Em seguida, a ponta da caneta percorreu novamente a circunferência e ele acrescentou:

– Aqui, na fronteira, é onde o GBU procura colocar-se de forma intencional, porque acreditamos que é necessário promover o diálogo com as áreas de estudo secular e, também, com a sociedade no seu todo para que a fé dos estudantes universitários floresça e se consolide.

O meu amigo continuou a aplicar aquela ilustração, falando da dificuldade que alguns graduados do GBU sentem quando terminam os estudos e são pressionados (mais que não seja pelo ambiente religioso de que fazem parte) à trajetória de ‘regresso’ até ao centro da circunferência.

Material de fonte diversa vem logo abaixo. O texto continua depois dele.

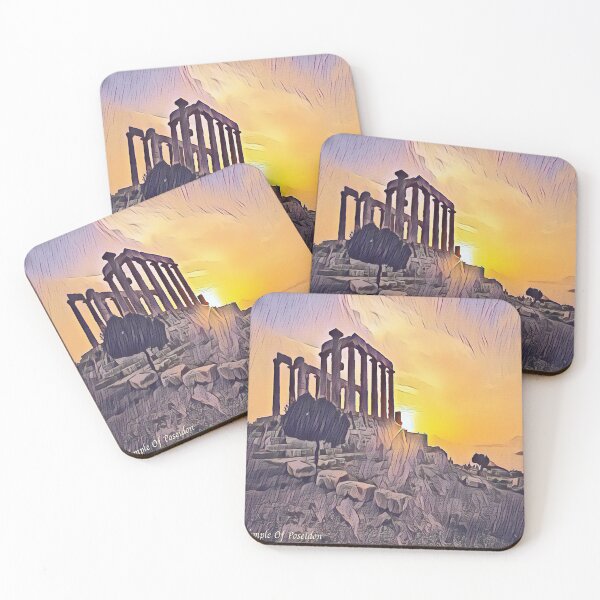 Item preview, Temple Of Poseidon Sunset designed and sold by Mytherialist.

O preço dessa trajetória pode ser a diluição de todas as aprendizagens no caldo da antiga vivência religiosa, marcada por outras prioridades, por outros ritmos e por uma perspetiva fragmentada pela má compreensão do binómio profano/sagrado.

Aquele guardanapo de papel vem muitas vezes ao meu pensamento, ao ponto de arriscar dizer, em retrospetiva, que foi nesse dia que descobri o que queria ser quando fosse grande: queria, nada mais nada menos, do que ser um fronteiriço. Afinal, tinha sido ali, junto à fronteira, que eu havia encontrado um tesouro de imenso valor. Portanto, aplicando a chamada parábola do tesouro escondido, só me restava uma hipótese: abrir mão de tudo o resto e fixar-me onde estava o tesouro. Nada de trajetórias de regresso ao centro, nada de diluições, nada de comprometer a fé bela e plena de significado que me tinha sido dada a conhecer junto à fronteira.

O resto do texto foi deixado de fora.